You know that part of the story got me to thinking about one thing. Every now and then I might hear about classism amongst blacks. The lower income people don't like the more middle class or better. Sometime you might hear about how success isn't considered a black value (of course that could be either academic or professional especially if it isn't a "typical" mode of upward mobility such as music, acting, or athletics). Of course who knows it could be jealousy that people got their education didn't get sidetracked and such people are doing better than the low-income people allowed themsevles to.
Who knows? If nothing else though this article indicated that the lower-income amongst us shouldn't have a huge chip on their shoulder towards well to do blacks. If nothing else if they move in then the more likely that they might stay in the neighborhood. Whereas if people of other races move in the neighborhood is about to change and it's going to be without them.
But black middlemen sometimes act in ways that dismiss the little man. Some black leaders in North Kenwood-Oakland have joined calls for the demolition of public housing. And they have criticized the lifestyles of their poor and working-class neighbors.Of course this happens too. While I am a fan of single family homes with a front yard and a back yard, I still like the idea of a storefront on a main street. Some of the new housing units built in recent years seems more urban and have lots where the owners of these units can park their cars or have attach garages. Well that's very necessary if you live close to downtown Chicago.
"When we're thinking about working on Drexel Boulevard," remarked a black police officer during a planning meeting in the neighborhood, "we should really think about discouraging some of the current uses there."
Some objectionable uses included barbecuing, selling Sno-cones and drinking. It didn't matter that people barbecued on Drexel's wide parkway because they lived in apartment buildings with no grassy area for safely lighting the grill or spreading out a few chairs. No one seemed to recognize the Sno-cone vendor as a striving businessman.
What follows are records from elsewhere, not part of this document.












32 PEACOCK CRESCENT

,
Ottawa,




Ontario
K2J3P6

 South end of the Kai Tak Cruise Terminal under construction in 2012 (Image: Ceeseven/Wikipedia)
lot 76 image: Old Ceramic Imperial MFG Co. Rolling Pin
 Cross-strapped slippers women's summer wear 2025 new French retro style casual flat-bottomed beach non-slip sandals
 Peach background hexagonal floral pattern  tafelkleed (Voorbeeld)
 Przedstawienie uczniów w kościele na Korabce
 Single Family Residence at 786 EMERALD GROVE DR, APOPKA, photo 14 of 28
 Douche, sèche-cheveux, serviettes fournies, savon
There was no hint of the double standard that said people drinking in Grant Park for city festivals was acceptable, but Chicagoans drinking on Drexel was not.
Instead, we middlemen pandered to the anti-urban ideal of nice, single-family homes with tidy back yards where people should do their barbecuing, drinking and socializing. And the meeting consensus drifted toward turning Drexel's parkway into a passive decorative space with large flower arrangements and sculptures.
Anyway the article closes with this...
Flowers and sculptures bring me to the priorities of The Man. No Chicagoan enjoys the spring tulips on Michigan Avenue, the summer petunias on Wacker Drive or the Frank Gehry-designed Pritzker Pavilion more than I do. No one!
But I would be willing to sacrifice that enjoyment if it meant the city could afford the original bold proposal to set aside 25 percent of new housing units for affordable housing, rather than the 10 percent compromise recently passed in the City Council. Or to avoid the following farce: That demolishing the Lathrop Homes projects, which have become surrounded by a completely gentrified Lakeview, is being done to provide a "mixed-income community" for Lathrop residents.
I would even give up the Grant Park Outdoor Film Festival if it meant that more schools could get new funds.
I know it's not that simple. (And I hope I don't have to give up Summer Dance). But the City of the Big Shoulders has to make some choices between holding up the new "Cool Globes" lining Lake Shore Drive or supporting its residents, including the littlest of us.